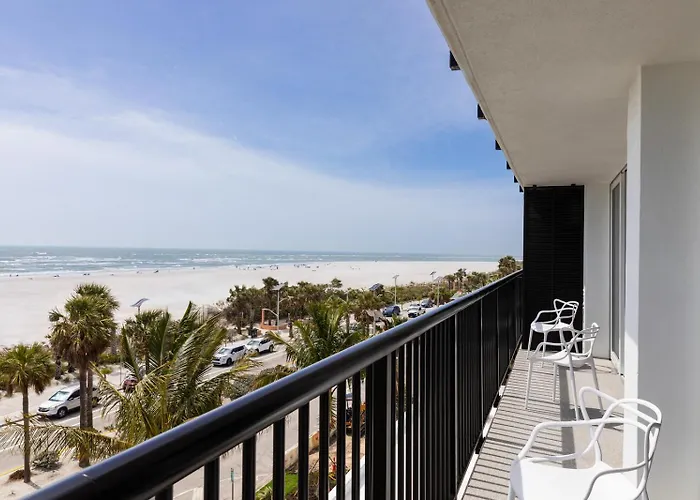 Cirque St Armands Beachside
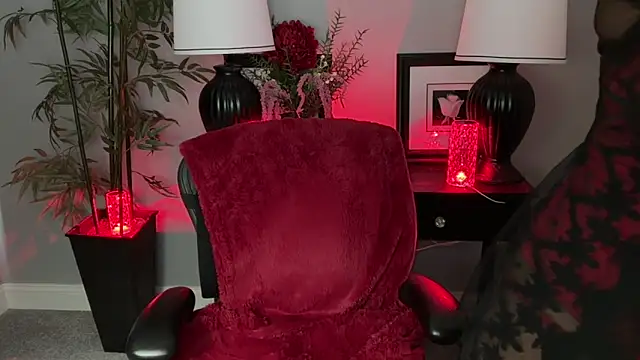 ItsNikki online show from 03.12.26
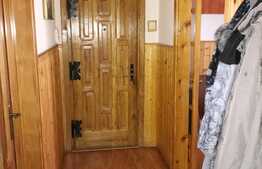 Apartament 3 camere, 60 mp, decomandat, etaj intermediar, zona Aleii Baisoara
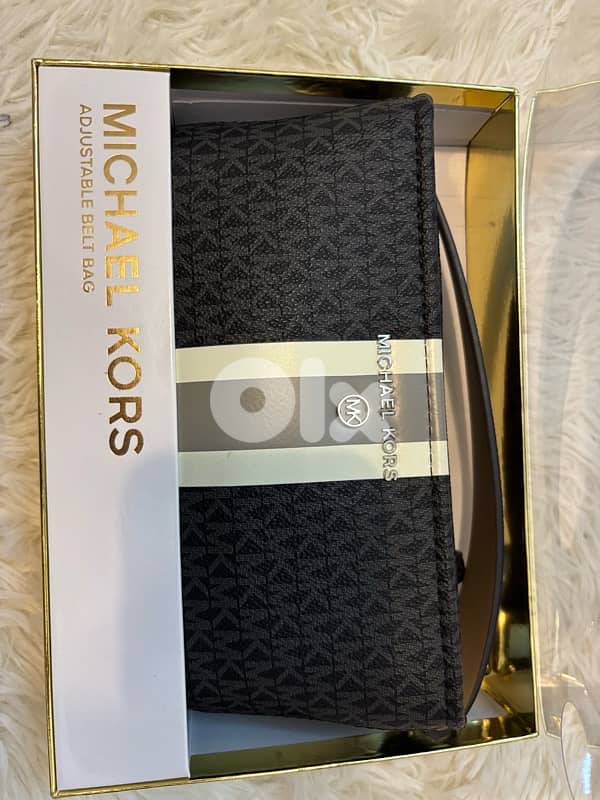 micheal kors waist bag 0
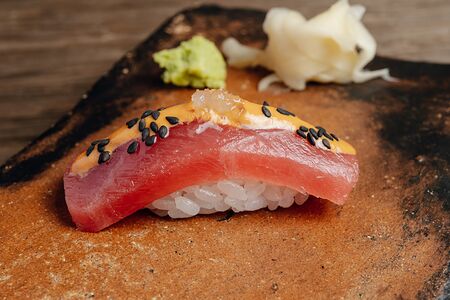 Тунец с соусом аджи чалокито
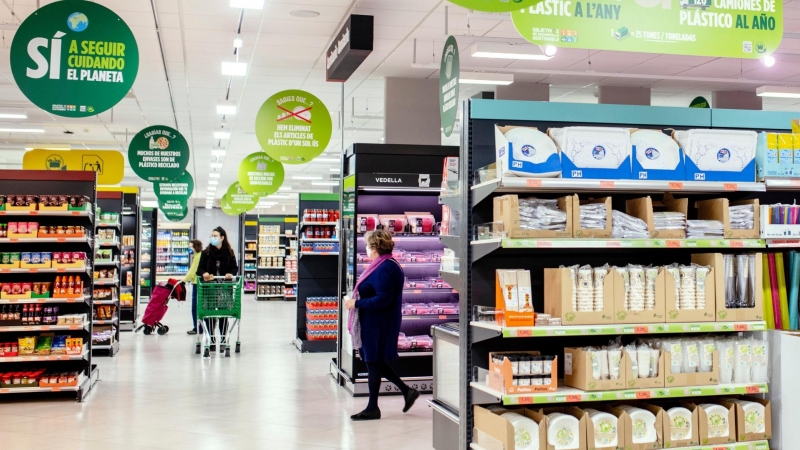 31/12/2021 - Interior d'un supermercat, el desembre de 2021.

* * *

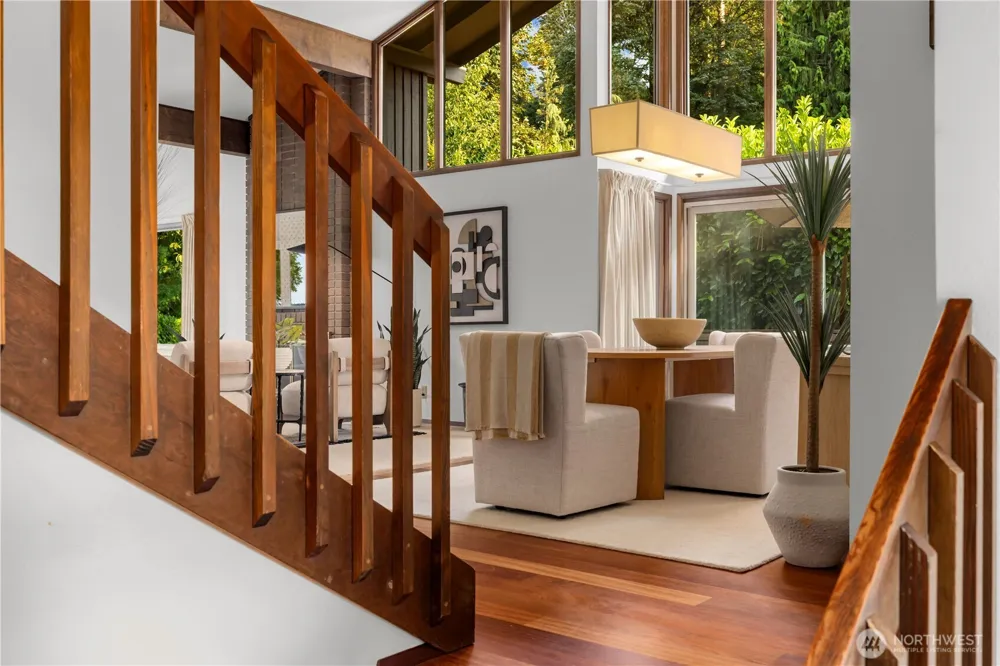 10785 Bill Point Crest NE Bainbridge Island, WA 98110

What to produce => Give back the exact lines above, running from the one that has "Тунец с соусом аджи чалокито" through the one that has "31/12/2021 - Interior", with nothing added and no pictures.

Exercise solution =>
 Тунец с соусом аджи чалокито
 31/12/2021 - Interior d'un supermercat, el desembre de 2021.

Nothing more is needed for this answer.